• [Instructions for the task] What you return must match the listing below word for word.

• [Task material]
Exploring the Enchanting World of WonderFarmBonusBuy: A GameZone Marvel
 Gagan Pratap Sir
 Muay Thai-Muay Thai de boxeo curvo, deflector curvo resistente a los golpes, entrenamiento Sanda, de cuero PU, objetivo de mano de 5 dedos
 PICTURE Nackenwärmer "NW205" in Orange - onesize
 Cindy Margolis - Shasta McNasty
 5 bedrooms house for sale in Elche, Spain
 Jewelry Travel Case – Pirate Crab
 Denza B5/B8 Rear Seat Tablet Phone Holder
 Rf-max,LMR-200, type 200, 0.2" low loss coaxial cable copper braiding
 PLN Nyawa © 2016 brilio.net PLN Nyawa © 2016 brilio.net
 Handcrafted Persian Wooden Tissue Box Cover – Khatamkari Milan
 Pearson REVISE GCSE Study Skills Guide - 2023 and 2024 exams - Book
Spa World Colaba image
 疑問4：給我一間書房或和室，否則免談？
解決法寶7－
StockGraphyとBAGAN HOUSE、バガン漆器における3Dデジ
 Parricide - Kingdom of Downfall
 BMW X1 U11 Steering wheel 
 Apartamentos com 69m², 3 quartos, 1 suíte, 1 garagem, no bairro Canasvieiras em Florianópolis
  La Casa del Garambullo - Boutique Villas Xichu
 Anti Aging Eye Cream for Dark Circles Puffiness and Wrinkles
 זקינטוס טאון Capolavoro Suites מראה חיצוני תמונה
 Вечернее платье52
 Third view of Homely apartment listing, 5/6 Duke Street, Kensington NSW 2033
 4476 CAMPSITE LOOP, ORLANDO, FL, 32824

• [Response box]
Exploring the Enchanting World of WonderFarmBonusBuy: A GameZone Marvel
 Gagan Pratap Sir
 Muay Thai-Muay Thai de boxeo curvo, deflector curvo resistente a los golpes, entrenamiento Sanda, de cuero PU, objetivo de mano de 5 dedos
 PICTURE Nackenwärmer "NW205" in Orange - onesize
 Cindy Margolis - Shasta McNasty
 5 bedrooms house for sale in Elche, Spain
 Jewelry Travel Case – Pirate Crab
 Denza B5/B8 Rear Seat Tablet Phone Holder
 Rf-max,LMR-200, type 200, 0.2" low loss coaxial cable copper braiding
 PLN Nyawa © 2016 brilio.net PLN Nyawa © 2016 brilio.net
 Handcrafted Persian Wooden Tissue Box Cover – Khatamkari Milan
 Pearson REVISE GCSE Study Skills Guide - 2023 and 2024 exams - Book
Spa World Colaba image
 疑問4：給我一間書房或和室，否則免談？
解決法寶7－
StockGraphyとBAGAN HOUSE、バガン漆器における3Dデジ
 Parricide - Kingdom of Downfall
 BMW X1 U11 Steering wheel 
 Apartamentos com 69m², 3 quartos, 1 suíte, 1 garagem, no bairro Canasvieiras em Florianópolis
  La Casa del Garambullo - Boutique Villas Xichu
 Anti Aging Eye Cream for Dark Circles Puffiness and Wrinkles
 זקינטוס טאון Capolavoro Suites מראה חיצוני תמונה
 Вечернее платье52
 Third view of Homely apartment listing, 5/6 Duke Street, Kensington NSW 2033
 4476 CAMPSITE LOOP, ORLANDO, FL, 32824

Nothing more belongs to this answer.